1900 short story by Willa Cather

"The Conversion of Sum Loo" is a short story by Willa Cather. It was first published in Library in August 1900.

==Plot summary==
After his first wife dies without giving him the progeny his recently deceased father strongly wished him to have, Sum Chin, who grew up in China and now lives in San Francisco, decides to marry the daughter of a friend he had in China. They have a child together, Sum Wing, and baptise him. The child dies, and Sum Chin becomes very mournful; this was his last chance of living up to his patronym. His wife also keeps away from other people.
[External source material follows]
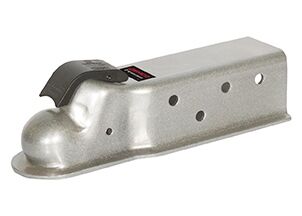 COUPLER 2 5/16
Once, Sister Hannah follows her into a joss house and sees her tear away pages from the Bible.

==Characters==
- Sum Chin, a trader of 'Chinese bronzes and bric-a-brac in San Francisco'. He grew up in Nanjing, where he liked to read Chinese literature.
- Sum Loo, Sum Chin's wife.
- Sister Hannah
- Norman Girrard, a theological student at the Mission of the Heavenly Rest. He liked to do charcoal drawings in his youth. Later, he took to drinking absinthe and doing profane paintings.
- Te Wing, a 'purchasing agent' from Canton. He is Sum Loo's father.
- Sum Wing, Sum Chin and Loo's child, who dies soon after being baptised.

==Literary significance and criticism==
The Conversion of Sum Loo is a rewriting of Cather's earlier story, A Son of the Celestial.